=== TASK TO COMPLETE ===
In the listing below, the answer starts at the line that has "Rome Ribbed Vase Short" and stops after the line that has "OJD-45 3合1 QI"; please repeat that part exactly and nothing more.

=== DATA ===
· · · · · · ·

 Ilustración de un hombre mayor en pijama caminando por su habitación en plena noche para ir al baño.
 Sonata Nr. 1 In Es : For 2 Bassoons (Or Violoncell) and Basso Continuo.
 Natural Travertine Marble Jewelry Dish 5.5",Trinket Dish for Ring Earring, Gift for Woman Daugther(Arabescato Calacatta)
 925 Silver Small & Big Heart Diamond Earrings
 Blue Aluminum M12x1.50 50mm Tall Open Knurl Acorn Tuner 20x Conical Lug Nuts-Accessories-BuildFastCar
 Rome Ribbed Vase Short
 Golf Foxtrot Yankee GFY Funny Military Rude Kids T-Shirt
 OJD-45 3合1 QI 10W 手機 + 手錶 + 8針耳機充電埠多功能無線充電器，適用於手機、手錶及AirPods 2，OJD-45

· · · · · · ·

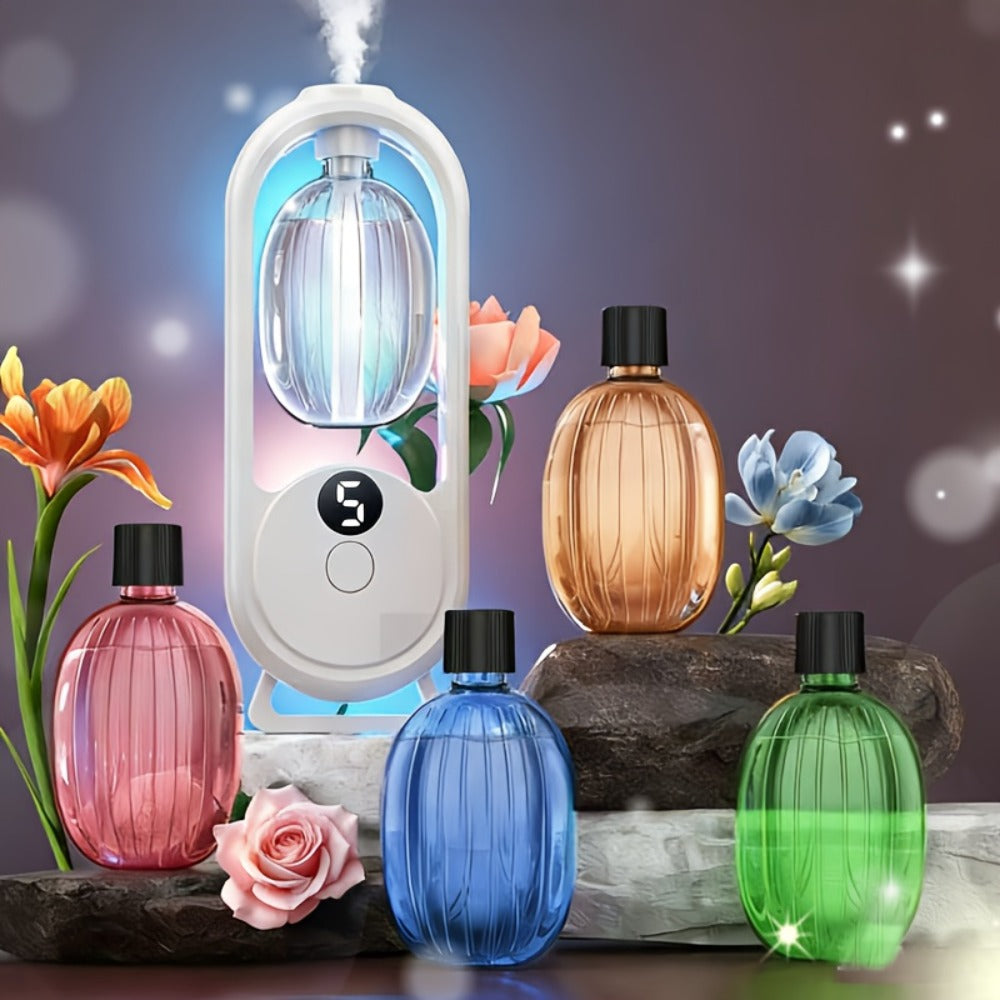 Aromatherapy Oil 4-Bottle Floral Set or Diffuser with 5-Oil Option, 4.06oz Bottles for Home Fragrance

· · · · · · ·

=== OUTPUT FOR THIS TASK ===
 Rome Ribbed Vase Short
 Golf Foxtrot Yankee GFY Funny Military Rude Kids T-Shirt
 OJD-45 3合1 QI 10W 手機 + 手錶 + 8針耳機充電埠多功能無線充電器，適用於手機、手錶及AirPods 2，OJD-45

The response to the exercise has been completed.